Die Menschen in Lateinamerika greifen zunehmend auf digitale Informationsquellen zurück, darunter auch Chatbots mit künstlicher Intelligenz. Allerdings vertrauen sie den Nachrichten nicht, neigen dazu, sie zu meiden, und zahlen nicht für die Informationen, auf die sie zugreifen, so der Bericht über digitale Nachrichten im Jahr 2025. Für diesen Bericht des Reuters-Instituts der Universität Oxford wurden im Januar und Februar dieses Jahres 12.149 Personen aus Argentinien, Brasilien, Chile, Kolumbien, Mexiko und Peru befragt.
Zugang zu Informationen
Im Durchschnitt informieren sich acht von zehn Nutzern online, sechs von zehn tun dies über soziale Netzwerke, 46 % sehen Nachrichten im Fernsehen, 15 % lesen gedruckte Zeitungen und 10 % suchen Nachrichten in KI-Chatbots wie ChatGPT und Claude. Diese Anteile zeigen, dass der Konsum im Internet, einschließlich sozialer Netzwerke, unverändert blieb und bei KI-Suchmaschinen um 4 Prozentpunkte zunahm, wo sich vor einem Jahr nur 6 % der Befragten informierten. Dagegen ging er bei analogen Plattformen leicht zurück: Vor einem Jahr nutzten 48 % das Fernsehen zur Nachrichtenbeschaffung und 16 % gedruckte Zeitungen.
Vertrauen in die Nachrichten
Das Vertrauen in die Informationen ist seit 2025 in allen lateinamerikanischen Ländern gesunken.
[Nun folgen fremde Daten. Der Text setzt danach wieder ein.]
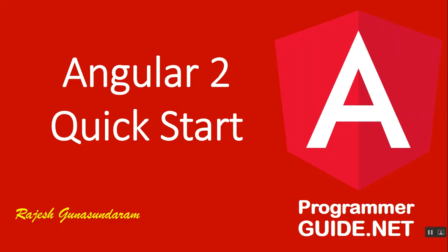That's all folks. Thanks for watching the Angular 2 Quickstart video. Keep checking this playlist for the next video in the series. Thanks for watching. This is Rajesh Gunasundaram signing off. Please do subscribe.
Nur 31 % der Befragten vertrauen den Nachrichten meistens, verglichen mit 36 % vor einem Jahr. Diese Werte sind weltweit die niedrigsten: Im Vergleich dazu liegen sie bei 54 % in Afrika, 38 % in Asien und Ozeanien und 36 % in Europa. Das Land mit dem höchsten Vertrauen in die Nachrichten ist Brasilien (36 %), die niedrigsten Werte weisen Argentinien und Kolumbien auf (26 % bzw. 25 %). Das geringe Vertrauen könnte die Neigung erklären, Nachrichten häufig oder manchmal zu meiden, was 45 % der Nutzer tun, sowie den geringen Anteil an Personen, die für die Nachrichten bezahlen, auf die sie online zugreifen. Im Durchschnitt zahlen nur 13 % in der Region für Informationen im Internet, wobei die Spanne von 10 % in Argentinien und Chile bis zu 15 % in Kolumbien und Mexiko reicht. Die Bereitschaft, für journalistische Online-Inhalte zu zahlen, ist in den nordeuropäischen Ländern am höchsten, wo 29 % der Nutzer ein Abonnement haben.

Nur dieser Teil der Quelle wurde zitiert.